Collection entries

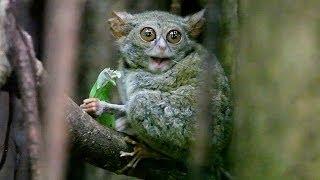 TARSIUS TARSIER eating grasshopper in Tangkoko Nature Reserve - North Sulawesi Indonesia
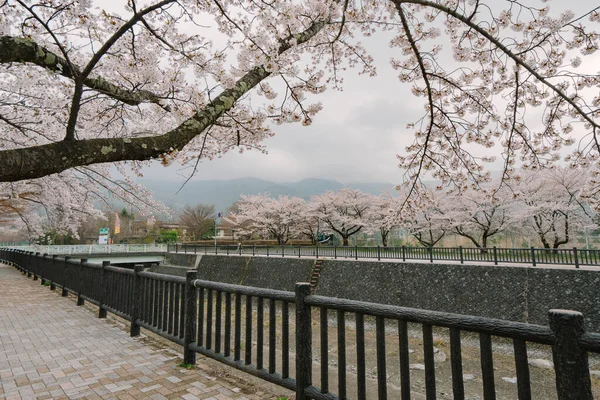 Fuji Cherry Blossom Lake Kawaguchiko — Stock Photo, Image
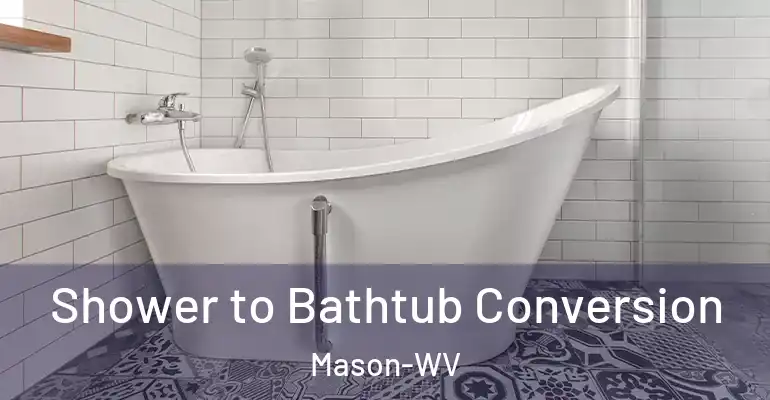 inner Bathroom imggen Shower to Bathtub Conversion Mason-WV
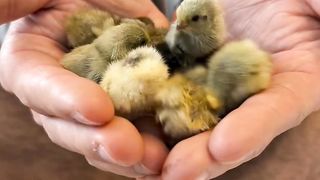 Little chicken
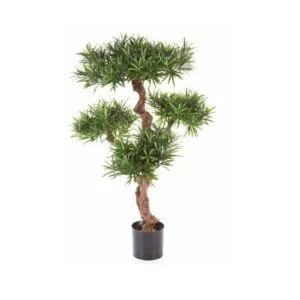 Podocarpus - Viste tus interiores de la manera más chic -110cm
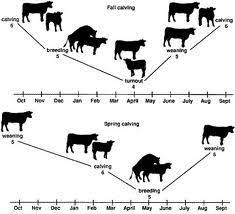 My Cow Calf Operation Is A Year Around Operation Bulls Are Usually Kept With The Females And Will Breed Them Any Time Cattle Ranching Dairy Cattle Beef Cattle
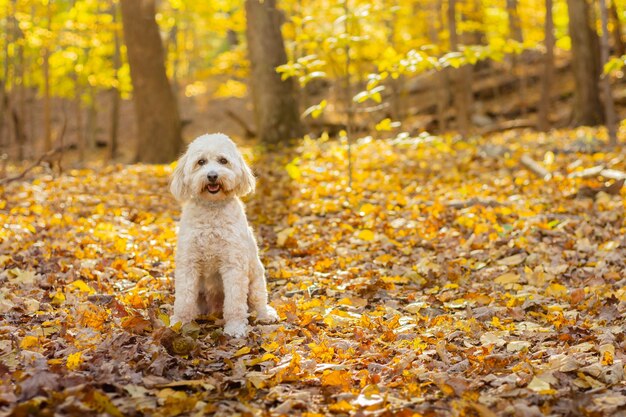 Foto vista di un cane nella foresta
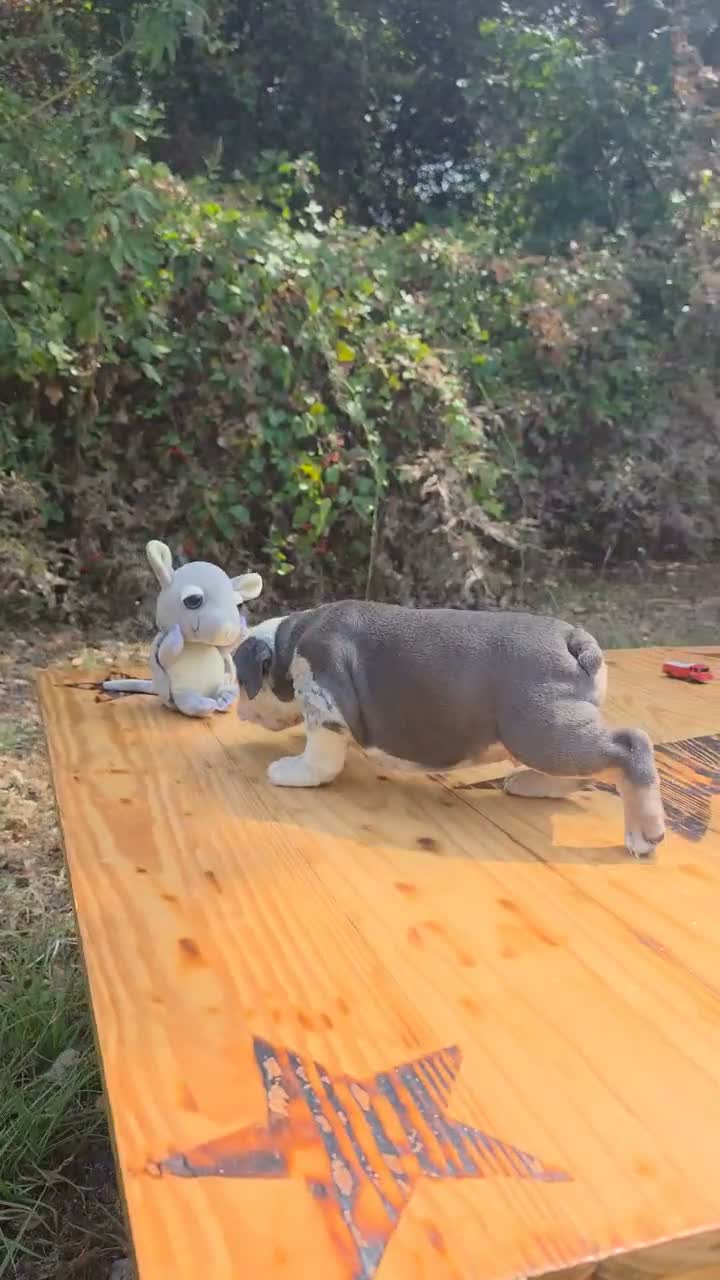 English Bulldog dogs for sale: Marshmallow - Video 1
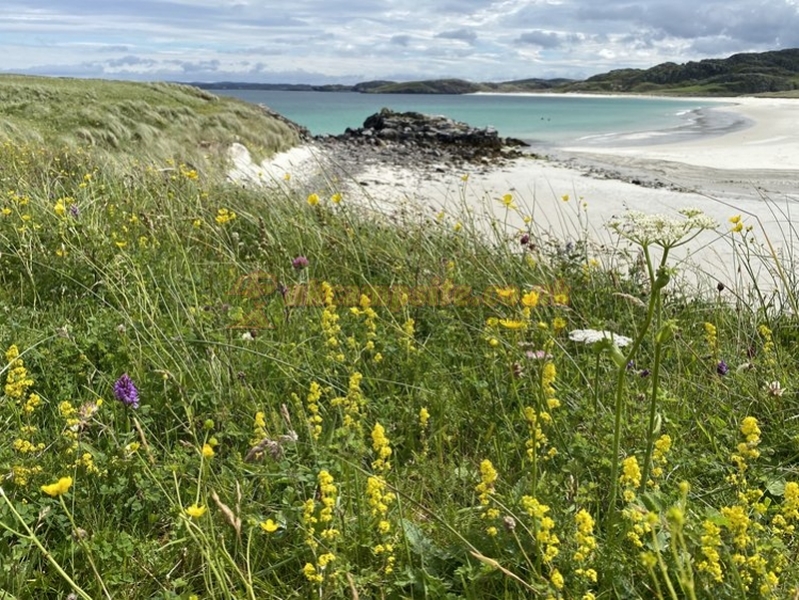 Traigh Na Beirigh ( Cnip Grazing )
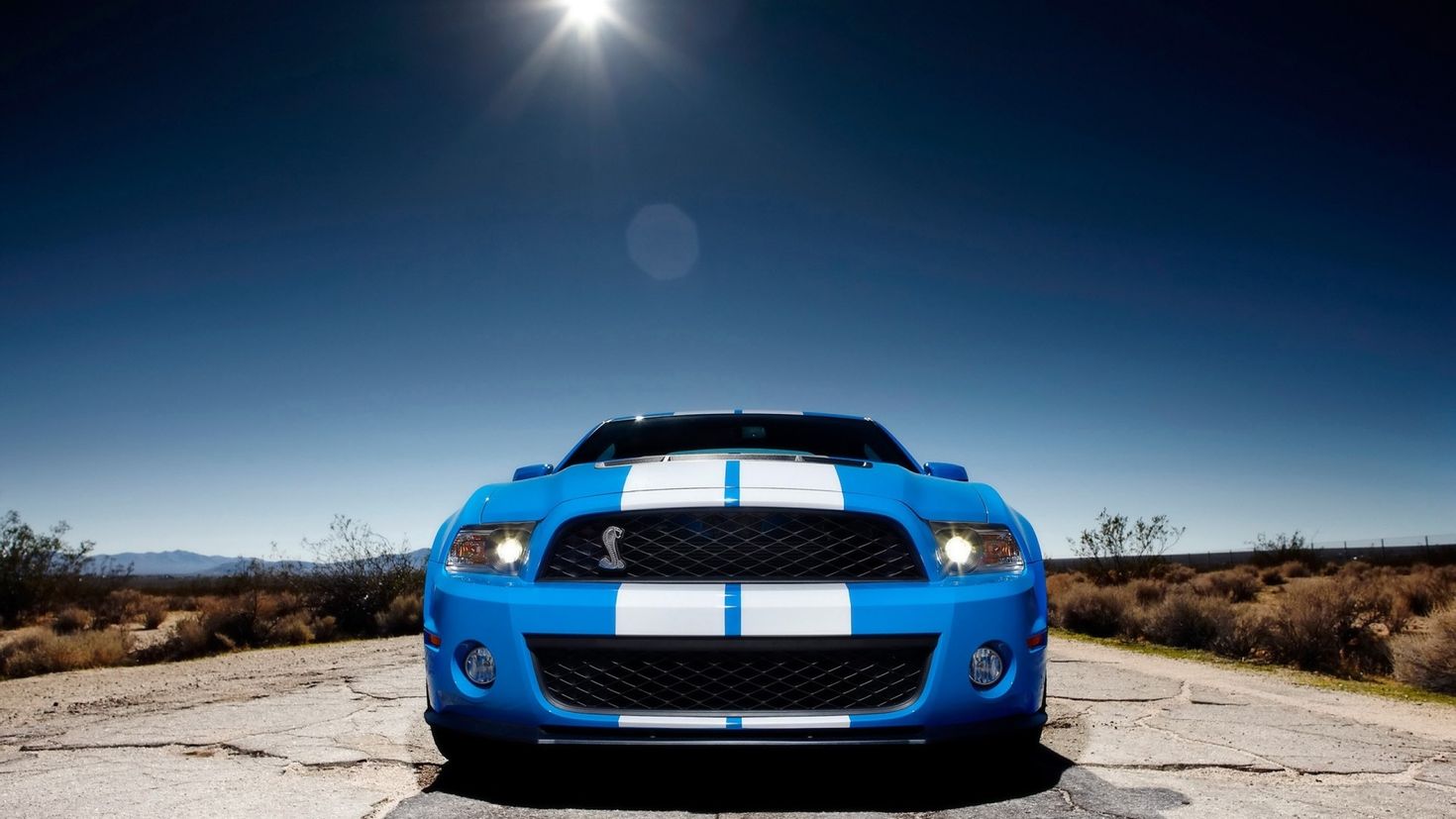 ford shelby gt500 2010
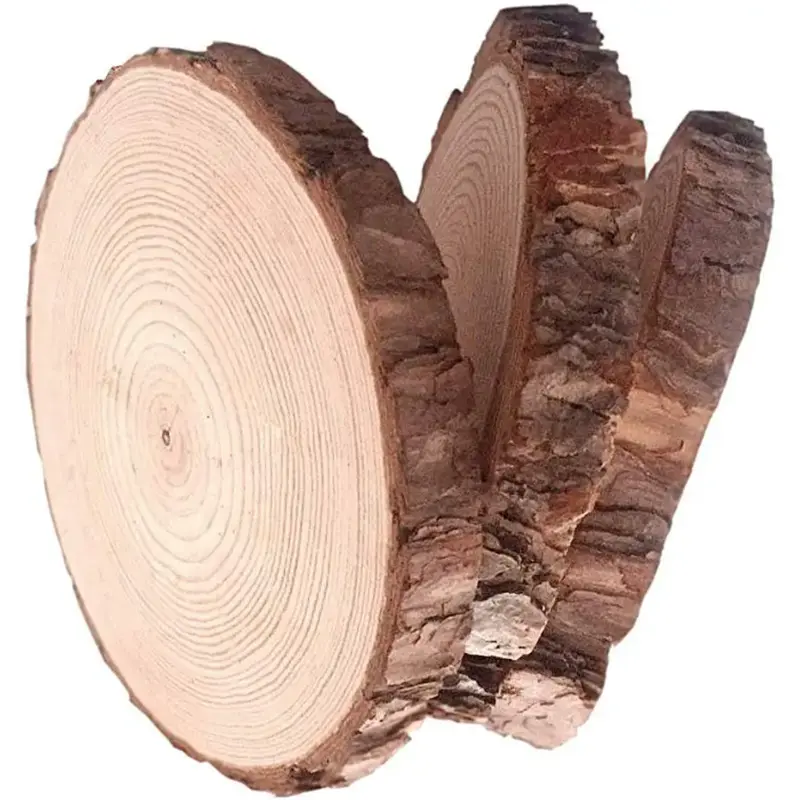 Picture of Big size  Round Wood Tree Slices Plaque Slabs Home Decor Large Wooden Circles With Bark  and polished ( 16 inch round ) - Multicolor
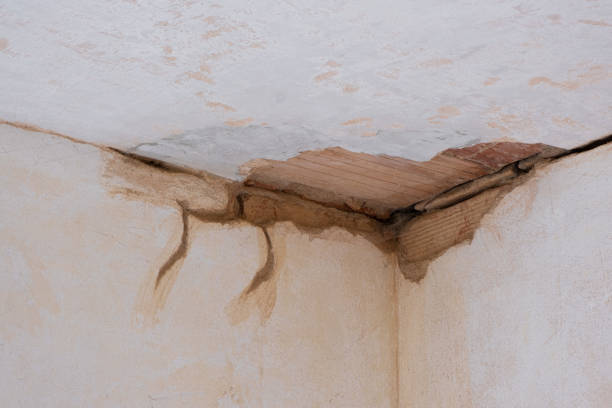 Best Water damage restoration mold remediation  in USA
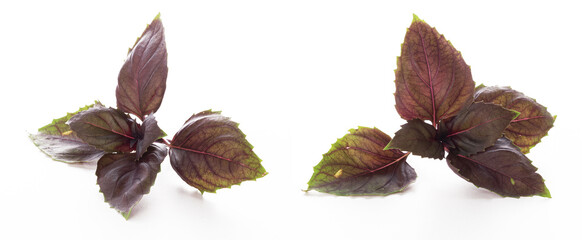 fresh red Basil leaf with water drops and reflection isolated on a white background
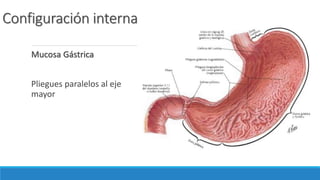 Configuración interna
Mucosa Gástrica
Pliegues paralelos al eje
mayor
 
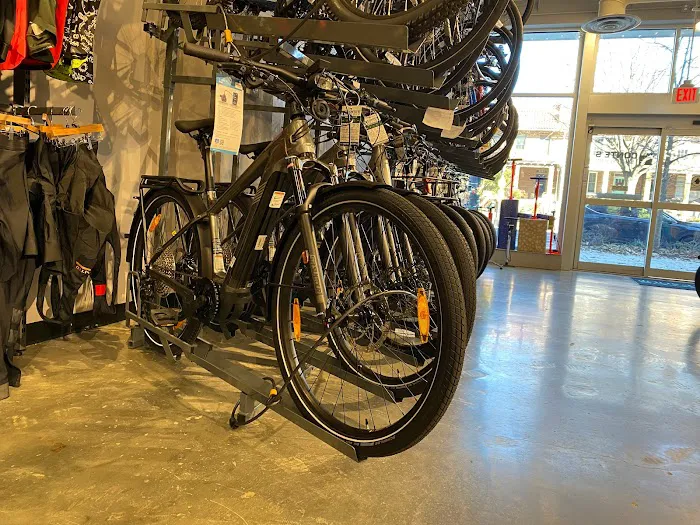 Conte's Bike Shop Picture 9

## What you need to do:
Nothing but the lines from the start of the records through the line holding "Little chicken" should be printed, exactly as written and with the pictures left out.

## Result for this exercise:
 TARSIUS TARSIER eating grasshopper in Tangkoko Nature Reserve - North Sulawesi Indonesia
 Fuji Cherry Blossom Lake Kawaguchiko — Stock Photo, Image
 inner Bathroom imggen Shower to Bathtub Conversion Mason-WV
 Little chicken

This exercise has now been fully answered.